O Brasil é uma superpotência no campo das exportações, que detém uma fatia considerável do mercado, mas o país deve esperar uma forte concorrência dos países que têm baixos custos de produção, como a Índia e a China. Para que o Brasil continue competitivo é fundamental que se busquem preços mais baixos de produção e maior controle dos gastos. Além disso, a moeda de vocês anda bem valorizada com relação ao dólar, por isso os agricultores brasileiros precisam se esforçar para manter os custos baixos. Dentro desse contexto, os defensivos genéricos são fundamentais e se tornam uma necessidade urgente. Imaginem se o produtor brasileiro conseguisse economizar U$ 10 por hectare. Numa projeção total, vocês poderiam economizar cerca de U$ 500 milhões.

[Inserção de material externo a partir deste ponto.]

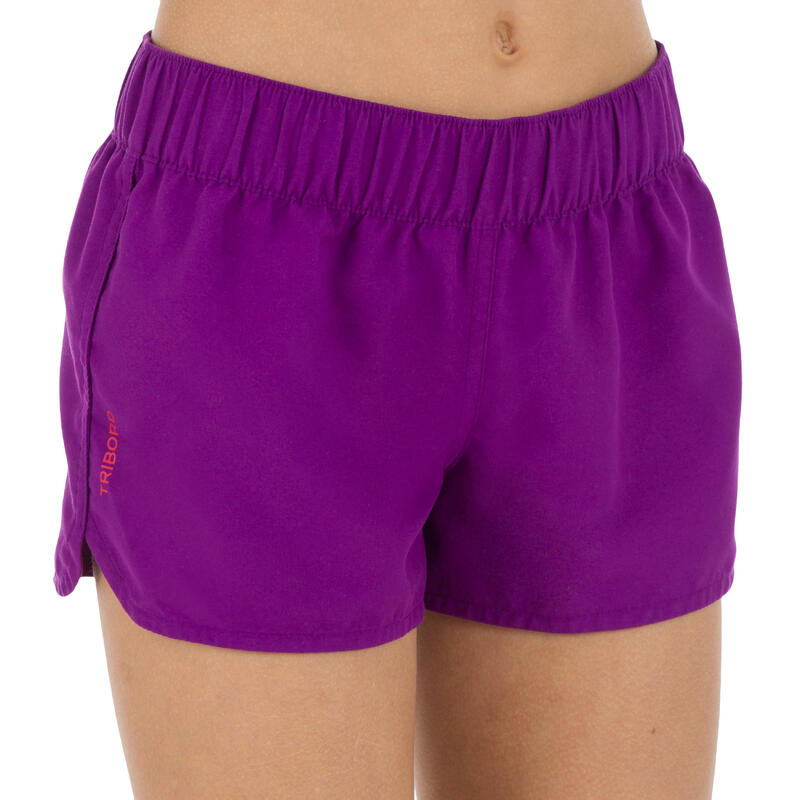 Boardshort fille court avec ceinture élastiquée VIOLET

Foi publicado um decreto que altera a legislação agrícola brasileira e simplifica o registro da fabricação de defensivos genéricos…
Eu tomei conhecimento aqui na CNA do teor deste decreto e quero parabenizar o Brasil pelo texto. Na Índia, nós temos uma resolução similar a esta, mas que não é tão clara quanto a que foi aprovada aqui. Eu acredito que a qualidade do decreto provém do fato desta confederação (CNA) estar ativamente presente no processo, junto aos órgãos executivo e legislador. Minha intenção inclusive é levar o modelo deste decreto para mostrar como fazer nesta área. Isso vai dar uma grande ajuda aos países em desenvolvimento.
Em relação ao meio ambiente, como a agricultura deve ser pensada?
Essa questão do meio ambiente é muito importante, porque é recorrente na agricultura. Aqui mesmo, no Brasil, tivemos uma importante sinalização sobre isso, em 1992, com o documento da Eco-92. A Declaração do Rio de Janeiro em 1992 sobre Meio Ambiente e Desenvolvimento, assinada por mais de 130 países, preconiza um importante aspecto para países em desenvolvimento. O princípio 11 da declaração destaca que os padrões ambientais e as prioridades dos países em desenvolvimento não devem ser iguais aos aplicados nos países desenvolvidos. Os padrões devem refletir o contexto de meio ambiente e desenvolvimento dos países aos quais se aplicam. O que eu quero dizer é que os padrões aplicados aos países desenvolvidos podem ser inapropriados e com custos elevados especificamente aos países em desenvolvimento. Nós, na Índia, seguimos este princípio da declaração, e sofremos grande pressão por causa disso. O que tem de ficar claro é que o meio ambiente precisa ser considerado. Ele é vital, mas os padrões aplicados não devem custar mais caro que as prioridades locais. Na minha opinião, o Brasil também deveria seguir à risca esse princípio que foi assinado no Rio de Janeiro. É fundamental que os agricultores e formuladores de políticos trabalhem para garantir esses direitos.
E a questão do aquecimento global?
Devemos adotar práticas sustentáveis e de proteção ambiental, mas a agricultura não agrava os problemas que já existem. Quero ressaltar que a Índia, que tem uma renda per capita de U$ 450 por ano e uma população de 1,1 bilhão de habitantes, não pode ser comparada, por exemplo, com a Suíça, que tem U$ 33 mil de renda per capita e oito milhões de habitantes. Temos que seguir o que é correto para cada país. Por isso, nós tomamos as decisões que são boas para o nosso país. O aquecimento global é uma questão mundial e precisa ser discutido, tanto na agricultura quanto em qualquer outro segmento produtivo. Não negligenciamos a questão ambiental, mas para mim o principal objetivo da agricultura é servir ao seu povo. Na Índia, a questão mais importante é alimentar 1,1 bilhão de habitantes. Esse é o nosso desafio.